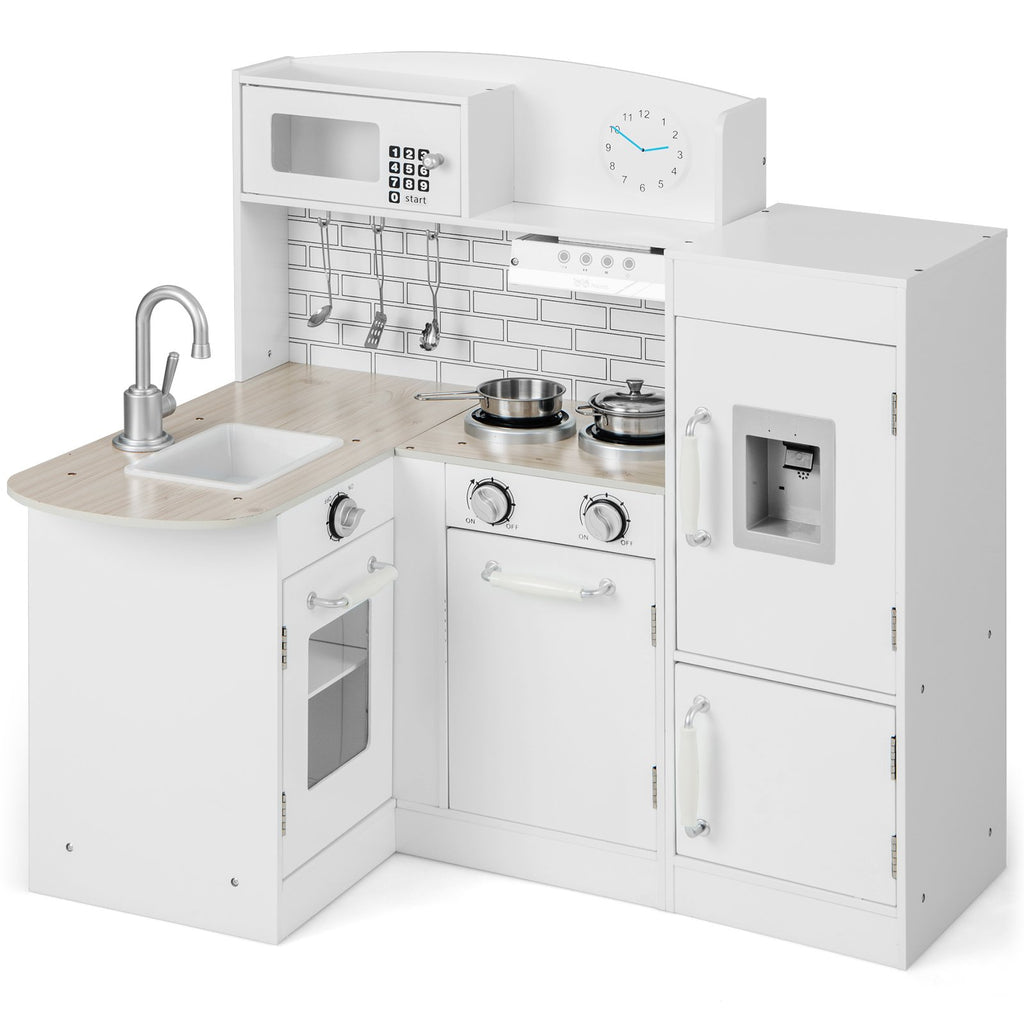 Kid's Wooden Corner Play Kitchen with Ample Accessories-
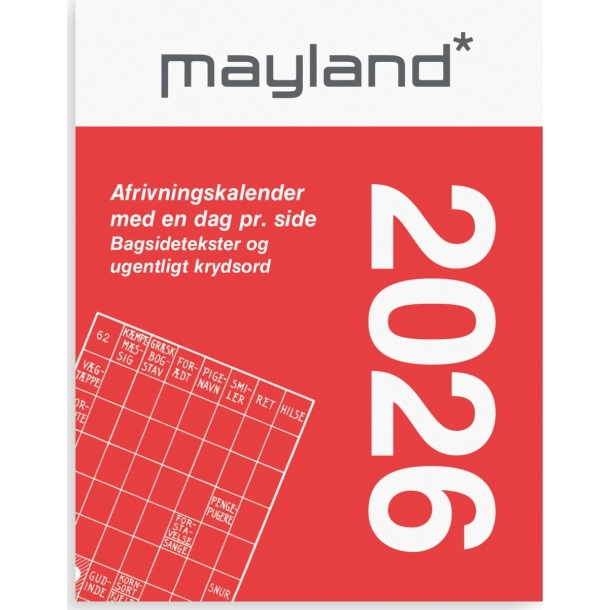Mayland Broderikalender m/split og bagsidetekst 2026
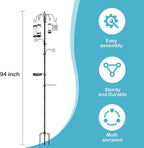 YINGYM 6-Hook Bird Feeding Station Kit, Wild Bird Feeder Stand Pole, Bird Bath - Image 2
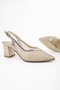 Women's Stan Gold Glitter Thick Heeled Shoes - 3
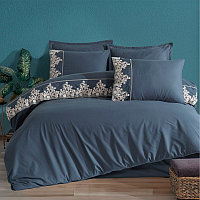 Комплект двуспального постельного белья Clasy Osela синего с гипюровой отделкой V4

--*--

◆ Problem description ◆
An exact repetition of the listing is needed, with the pictures dropped.

◆ The completed task ◆
 Kid's Wooden Corner Play Kitchen with Ample Accessories-
Mayland Broderikalender m/split og bagsidetekst 2026
 YINGYM 6-Hook Bird Feeding Station Kit, Wild Bird Feeder Stand Pole, Bird Bath - Image 2
 Women's Stan Gold Glitter Thick Heeled Shoes - 3
 Комплект двуспального постельного белья Clasy Osela синего с гипюровой отделкой V4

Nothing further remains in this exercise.